I remember wondering why the students had reacted like that. As an educated group they should have respected the army, welcomed it and recognized the right of the government to station its army anywhere it chose. Graduates were allowed to enter the army at a certain high level. However, I recall one lecturer, a relative, supporting the student action and saying that the government should never have stationed the army on the University campus.
The 1971 JVP insurgency has been described as a romantic, innocent revolution, an unplanned spontaneous attack. It was no such thing. It was pre-planned and well organized. The purpose was to bring down the SLFP government of Sirimavo Bandaranaike. JVP was planning a putsch, to remove the government by force. Prime Minister Sirimavo Bandaranaike was to be eliminated. She would be taken into custody from her Rosmead Place residence.
JVP started in the classic manner. Once the new SLFP government came into power there was an unprecedented outburst of lawlessness throughout the country, said S. Nadesan. JVP had infiltrated government industrial concerns and had intimidated the workers. There were work stoppages.

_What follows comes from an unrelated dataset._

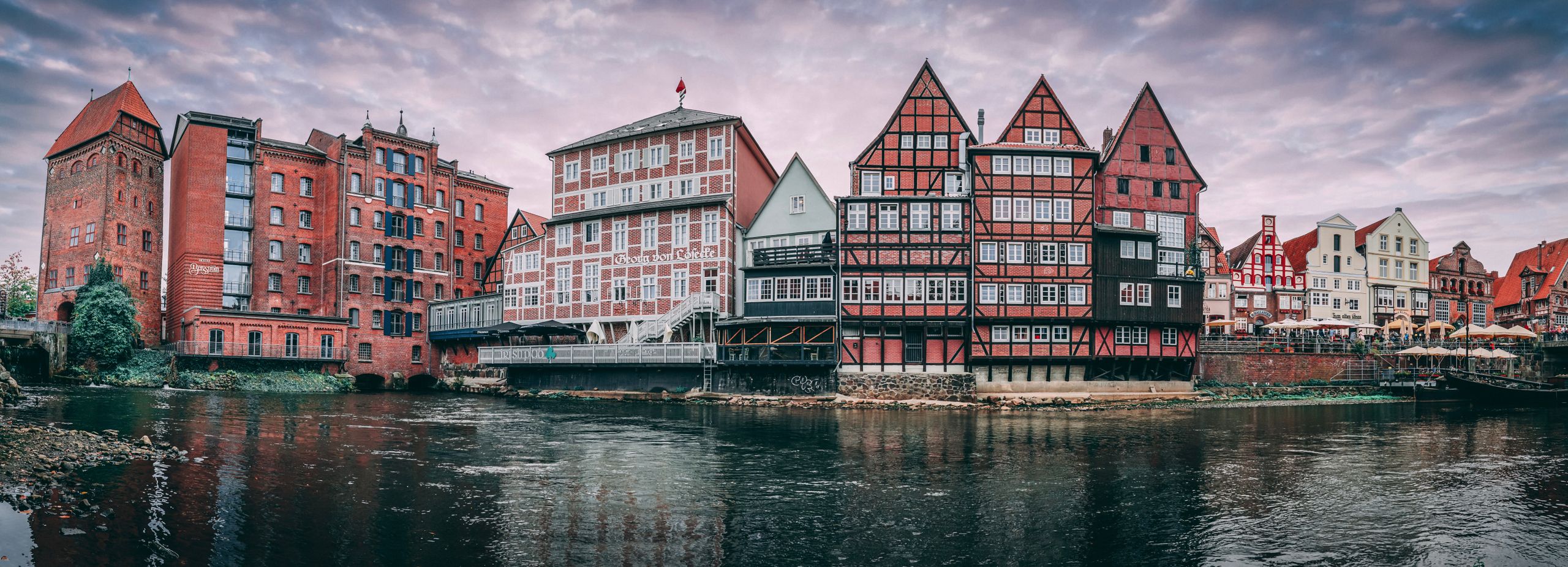 Panoramic view of traditional buildings along the river in Lüneburg, Germany.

The 1971 insurgency was carefully planned in advance. Kamal Gunaratne commented on the planning that would have gone into a simultaneous attack on 92 police stations. Each attack was planned ahead. The electricity supply was cut before a police station was attacked. Approaches to police stations were sealed off, in some cases, by felling large trees.
Cyril Ranatunge commented on the posters and graffiti which appeared over night throughout the island (except in North and east). Overnight posters appearing all over at the same time pointed to an organization which was orchestrated and well disciplined, he said.
JVP cadres were expected to take and hold certain areas. Colombo district which spanned a large area was demarcated into five, Meda Kolamba (the city limits); Dakunu Kolamba (the coastal areas up to Mount Lavinia); Kotte (from Kirullapone to Avissawella); Uthuru Kolamba (beyond the Kelani river to Peliyagoda and Negombo); and Nuwara Paara (from Peliyagoda to Nittambuwa).
‘JVP Disha Lekam’ (head of the area) of the Nuwara Paara covering Peliyagoda, Kadawatha, Ganemulla, Weliweriya, Kirindiwela, Mirigama, Veyangoda, Gampaha and Nittambuwa) was Jayadeva Uyangoda alias ‘U Mahaththaya’.
JVP did not attack only police stations. They attacked army camps and utilities as well. These were more important than the police stations. The police stations were to provide secure rear-bases for subsequent attacks by the JVP on towns and cities.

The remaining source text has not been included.